We do not seek to introduce these powers to target those who have slipped into the system by error. While we have reduced the level of social security fraud in income support and jobseeker's allowance we are still finding cases that involve the commission of deliberate, repeated fraud.

An investigation by the Benefits Agency security investigation services in May this year identified that three people were involved in the manipulation and subsequent encashment of order books. When arrested they had in their possession a number of order books, stolen identification and in excess of £1,050. The subsequent prosecution resulted in the conviction of all three defendants with sentences ranging from five months' imprisonment and a fine of £1,050 to 14 months' imprisonment. It was also revealed that one of the defendants had been prosecuted as part of a separate investigation in 1999. At the time they were sentenced to 90 days' imprisonment, suspended for two years. There is, and there continues to be, persistent wilful and serious fraud.

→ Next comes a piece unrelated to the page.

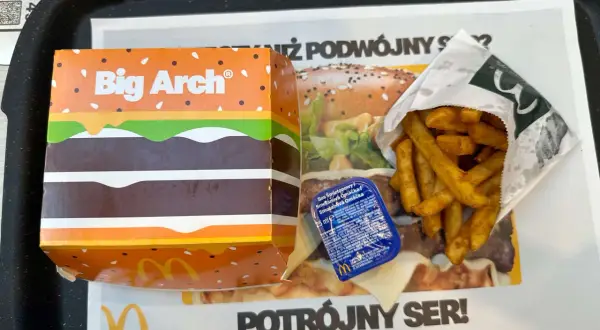 Pudełko Big Arch, frytki i sos na tacce McDonald's.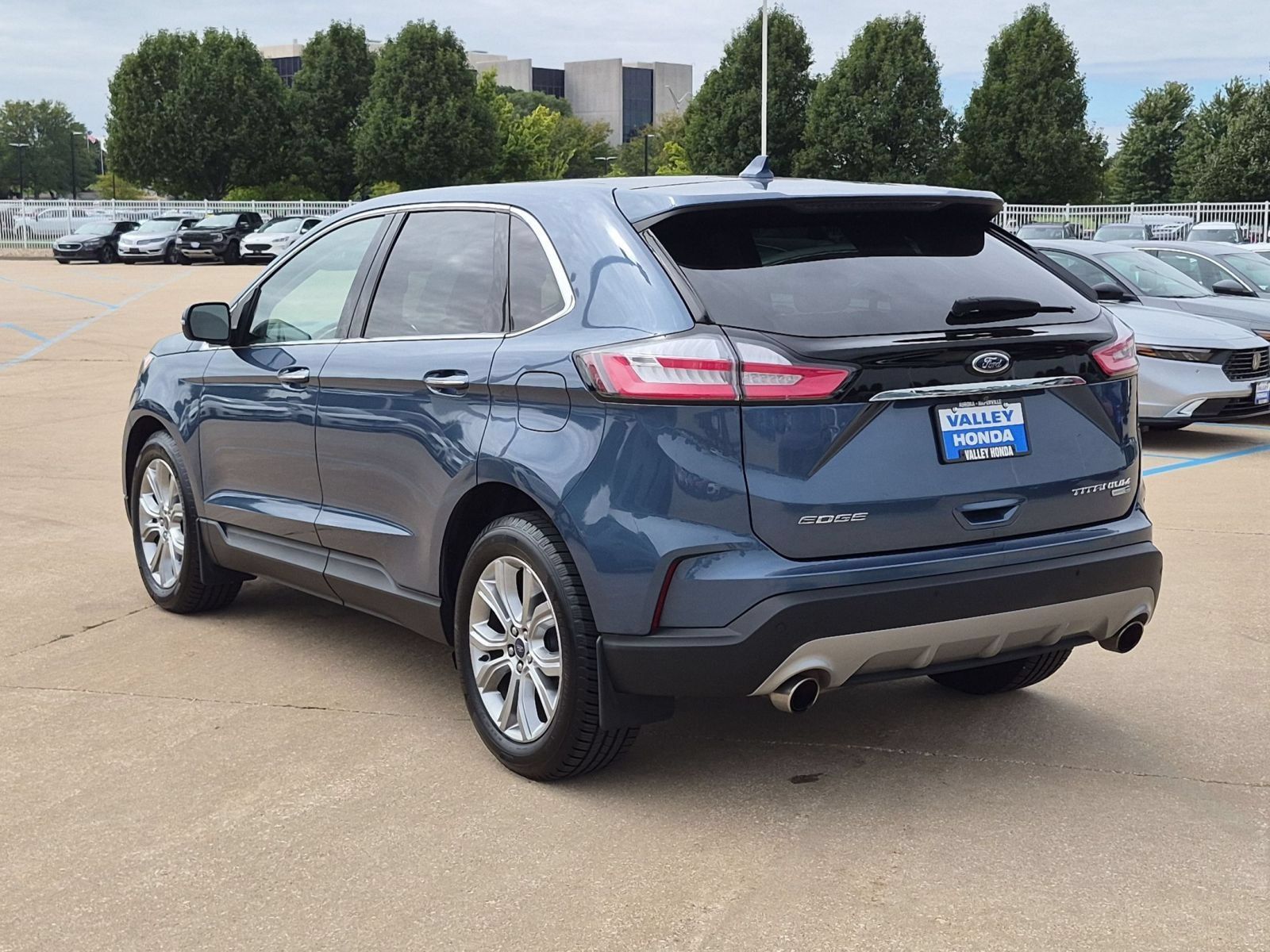 Used 2019 Ford Edge Titanium w/ Cold Weather Package AWD/4WD image 8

The Social Security (Loss of Benefit) Regulations 2001 introduce powers that will provide a deterrent to those who are considering committing further benefit offences. These regulations are about ensuring that there is an effective deterrent in place to dissuade those who are subject to a first conviction for a benefit offence from re-offending providing that, where we have to apply a sanction, this is done in a uniform manner across all sanctionable benefits and that the level of the sanction applied is based upon experience gained from other areas of the department which are tried and tested. The regulations ensure that an absent or non-resident parent's responsibilities continue to be met by continuing to take child support maintenance deductions before a sanction is applied. They enforce that sanction, even where an offender tries to hide behind a partner by swapping benefit claims. This occurs in the case of a joint claim where an attempt is made to change who is the primary claimer. They continue related passport benefits when a sanction is applied, and the availability of fallback provisions to protect the vulnerable and those dependent on them by providing a scheme that is a close reflection of the hardship scheme that already operates for labour market sanctions. Finally, they ensure that a sanctionable benefit cannot be avoided by merely stopping and then re-starting a claim to benefit.

These regulations are not disproportionate. They do not provide sanctions so hard that they will put people into serious destitution, nor do they target individual groups of customers. They are consistent across the board. What they do is introduce a fixed, 13-week disqualification period.

I shall run very quickly through the regulations. Regulation 2 describes how the disqualification period will be administered, ensuring that it is applied in a consistent manner to all sanctionable benefits and payment. It also describes how the sanction will be applied to those offenders who seek to avoid it by ending and then re-claiming benefit. The powers are not intended to cause undue hardship to those who have not maintained their responsibilities back to us in relation to the benefit system.

Regulation 3 describes how the level of reduction as a result of the application of the sanction is calculated for those offenders already in receipt of income support. The application of the two strikes sanction to all other sanctionable benefits will result in the removal of the full amount of benefit payable.

Regulations 5 to 16 provide fallback provisions for those clients who would otherwise have no means of supporting themselves. They reflect the hardship schemes and the vocabulary of vulnerable people that already operate in labour market sanctions.

In order to ensure that the sanctions do not impact upon the provision of housing—this, in my view, is extremely important because a dependent family must not be made homeless however wilful the offender's behaviour may have been—Regulation 18 provides for a continuance of housing and council tax benefit for those in receipt of income support or income based jobseeker's allowance.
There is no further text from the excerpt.